Right, the compile error is a casting issue telling me I cannot assign a JavaPairRDD<Partition, Body> to a JavaPairRDD<Object, Object>. It happens in the mapToPair() method.




On 9 July 2014 19:52, Sean Owen <sowen@cloudera.com> wrote:
You forgot the compile error!


On Wed, Jul 9, 2014 at 6:14 PM, Silvina Caíno Lores <silvi.caino@gmail.com> wrote:
Hi everyone,

I am new to Spark and I'm having problems to make my code compile. I have the feeling I might be misunderstanding the functions so I would be very glad to get some insight in what could be wrong.

The problematic code is the following:

JavaRDD<Body> bodies = lines.map(l -> {Body b = new Body(); b.parse(l);} );

JavaPairRDD<Partition, Iterable<Body>> partitions =
                    bodies.mapToPair(b -> b.computePartitions(maxDistance)).groupByKey();


Partition and Body are defined inside the driver class.

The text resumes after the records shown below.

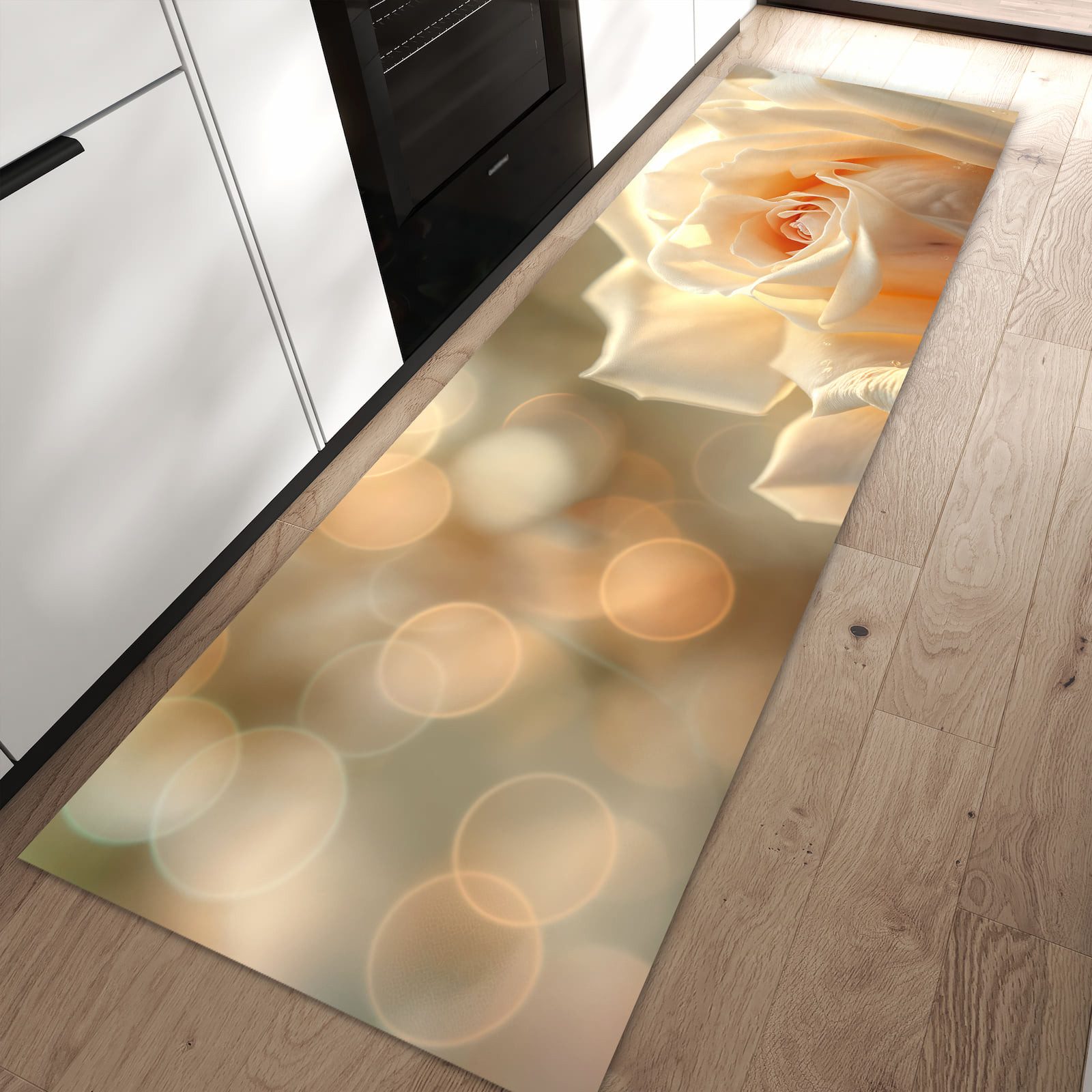 Primedeco Teppich Küchenteppich Elegante Rose PVC rutschfest abwaschbar Läufer, Rechteckig, Höhe: 3 mm, Pflegeleicht & Wasserabweisend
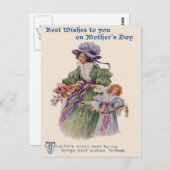 母ビクトリアンと娘の花母の日 ポストカード (正面/裏面)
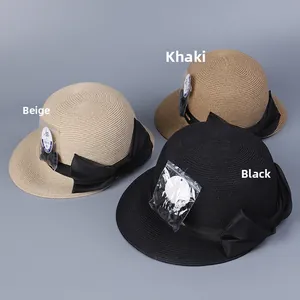 Atmungsaktive Strohhüte mit eleganter Schleife in Beige, Khaki und Schwarz für Sommer.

Body contains the following definition:

protected Iterable<Tuple2<Partition, Body>> computePartitions (int maxDistance)

The idea is to reproduce the following schema:

The first map results in: body1, body2, ... 
The mapToPair should output several of these: (partition_i, body1), (partition_i, body2)...
Which are gathered by key as follows: (partition_i, (body1, body_n....), (partition_i', (body2, body_n') ...

Thanks in advance.
Regards,
Silvina